Séparation du contexte religieux
Parmi les peintres flamands du XVe siècle, citons Robert Campin, Rogier van der Weyden et Jan van Eyck, qui peignit le tableau baptisé «Les époux Arnolfini», l’un des doubles portraits les plus notables de toute l’histoire de l’art. Ce tableau énigmatique truffé de symboles prendrait pour modèles le marchand Giovanni Arnolfini et sa femme Giovanna Cenami. Or, selon les recherches les plus récentes, il ne s’agirait ni de la représentation d’un mariage ni de fiançailles, comme on l’a longtemps supposé. Deux autres personnes présentes dans la pièce se reflètent dans le miroir situé au centre du tableau. L’inscription «Johannes de Eyck fuit hic 1434» («Jan van Eyck fut ici en 1434») incite à supposer que l’un des deux reflets est celui de Jan van Eyck, ou à se demander si le tableau ne représenterait pas le peintre lui-même et sa femme Margarethe, la statuette en bois sur le cadre de lit montrant la Sainte du même nom. En tant que «valet de chambre» le mieux payé de la cour du Duc de Bourgogne, Jan van Eyck était suffisamment fortuné pour pouvoir s’offrir les objets et habits visibles sur le tableau. De plus, il ne manquait guère de confiance en lui, lui qui fut l’un des premiers peintres à signer ses œuvres.
L’autoportrait s’établit comme genre artistique
Les artistes utilisèrent aussi l’autoportrait à des fins d’étude, comme un champ d’expérimentation, une pratique qui fut notamment glorifiée par Rembrandt au XVIIe siècle. Avant lui, pratiquement personne ne peignit autant d’autoportraits caractérisés par des expressions, grimaces et autres gestes d’une telle diversité.


La grande époque de la peinture de portrait
Les portraits de nobles ayant surtout une fonction représentative, ils étaient souvent peints devant des décors imposants et tragiques ou dans des intérieurs somptueux. L’objectif était de montrer la personne sous une forme idéalisée, distanciée, voire dramatique, pour anticiper le travail de mémoire à la gloire du futur défunt. L’aspect humain extérieur se confondait souvent avec la mise en scène du pouvoir, du succès, de la classe sociale, de la richesse et de la force.
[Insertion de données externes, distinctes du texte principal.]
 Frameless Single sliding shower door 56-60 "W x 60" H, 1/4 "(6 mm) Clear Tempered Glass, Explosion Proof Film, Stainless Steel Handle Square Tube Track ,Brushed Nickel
Aux femmes, on ajoutait la beauté, pour laquelle le peintre était prêt à fermer un œil et à forcer le trait. En plus des couronnes ou autres sceptres, d’autres «accessoires» ou décorations militaires étaient souvent représentés, tels que casques, armures ou épées. Tandis que les habits en matière noble comme la soie, le velours ou la dentelle avaient valeur de symbole social indépendamment du sexe, les femmes étaient en plus parées d’accessoires précieux.
Parmi les entreprises ratées, citons ici une commande passée à Hans Holbein le Jeune. Ce peintre, né à Augsburg et ayant œuvré à Bâle jusqu’en 1532, s’était fait un nom en Angleterre, notamment avec des portraits d’Érasme de Rotterdam et de Thomas More, lorsqu’il fut appelé à la cour du roi Henri VIII en 1536. Ce dernier, après la mort de sa troisième épouse, souhaitait se remarier et envoya Holbein sur le continent afin qu’il peigne le portrait de plusieurs candidates potentielles (et impérativement séduisantes), dont les filles de Jean III de Clèves à Düsseldorf. Le portrait de l’une d’entre elles, Anne de Clèves, séduisit le roi tant et si bien qu’il épousa la jeune femme sans même l’avoir rencontrée. Malheureusement, à son arrivée en Angleterre, la jeune mariée ne lui plut pas du tout. Et c’est ainsi que le quatrième mariage d’Henri VIII fut annulé peu de temps après au motif qu’il n’avait «jamais été consommé».
Persistance de la peinture de portrait à l’ère de la photographie
Avec l’arrivée du photoréalisme dans les années 1960, est apparu en peinture un mouvement artistique en totale opposition avec l’abstraction: grâce aux portraits hyperréalistes peints par des artistes comme Chuck Close, Gerhard Richter ou Franz Gertsch, la photographie s’est pratiquement fait détrôner par la peinture.